# Very Aggressive Biting



## allylovesdogs (Feb 17, 2014)

I have a 5 month old male Flemish Giant who started biting about 2 weeks ago. Prior to that he was a very friendly, inquisitive rabbit. About 2 weeks ago he started trying to nip my hands when I replaced his water or gave him food. It has since progressed to lunging and biting every time I am within his reach. If I let him out of the cage, he chases me and lunges and bites. I have to throw a towel over him and wear gloves just to put him back in the cage. These are not little nips anymore, either. I've had to have stitches 3 times from him biting and shaking my hands and arm. I'm willing to get him neutered, but is there any hope that he will ever be a trustworthy rabbit again? At this point, I can't touch him or pet him, and I have to use pliers to open his cage since he will try to grab my fingers through the bars. I've never seen any domesticated animal act this aggressively.
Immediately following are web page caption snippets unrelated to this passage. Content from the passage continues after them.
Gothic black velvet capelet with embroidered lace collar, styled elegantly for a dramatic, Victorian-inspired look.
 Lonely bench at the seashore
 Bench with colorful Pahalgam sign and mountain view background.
I just want to be able to enjoy my pet rabbit again.


----------



## ladysown (Feb 17, 2014)

1. check the gender of that bunny .. based on what you've described is acting more like a hormonal girl than a boy at this point.
2. that bunny is maturing and needs to learn to mind his manners.
3. what type of space do you have him housed in?


----------



## lovelops (Feb 17, 2014)

HI there we had another member had a similar situation and I found this article on what you are talking about... I think it's about reaching into the cage..I think it's a similar thing:

Vanessa 

Here is the article:

People are often shocked the first time they see a rabbit display anger. Bunnies, after all, are supposed to be timid and sweet, not outspoken and nasty, and the sudden appearance of sharp teeth and raking claws can be disarming. But whether your rabbit is nipping the hand that feeds him, chasing you across the room, or latching his teeth into your calf, it&#8217;s not unusual and it&#8217;s not hopeless.


In fact, working with an aggressive rabbit can be extremely rewarding. Many House Rabbit Society members have found that aggressive rabbits are often very intelligent animals who are just trying to express themselves. Once they&#8217;re given some respect and some ground rules, that expression can turn to boundless energy, enthusiasm, and affection.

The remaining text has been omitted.